Following several allegations against high-profile figures hitting the front pages, the pressure to run a successful investigation has never been higher.
The investigation into alleged wrongdoing of a senior or high-profile figure in a business imposes significant pressure on the managers tasked with carrying out an investigation.
They may find themselves conflicted by personal ties of loyalty or the subject of pressure from allies of the individual concerned.
Read more: Handling allegations of criminal behaviour in the workplace
It is important when issues of this kind blow up to try and work out what the worst-case scenario could be and get ahead of the curve. If the issues have the potential to cause significant adverse publicity and reputational harm to the organisation, it is better to bite the bullet early and appoint an external investigator.
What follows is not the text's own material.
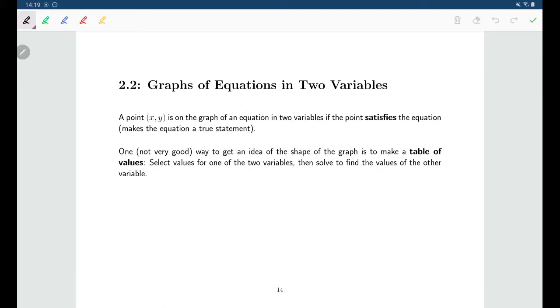Welcome back. In this section we'll be talking about graphs of equations with two variables.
To do otherwise, runs the risk of an inadequate internal investigation, which fails to address difficult cultural issues, followed by an external investigation to attempt to remedy the position. This duplicates time and costs with damages staff morale, leaving the organisation vulnerable to reputational injury.
The subsequent external investigation will not then be confined to the allegations of wrongdoing but will also have to address the cultural failings in the first investigation, thereby increasing its cost and scope.
Getting it right from the start
At the outset it is important for the relevant decision-makers to determine two things. First, to establish the purpose of the investigation. This will determine the terms of reference (TOR).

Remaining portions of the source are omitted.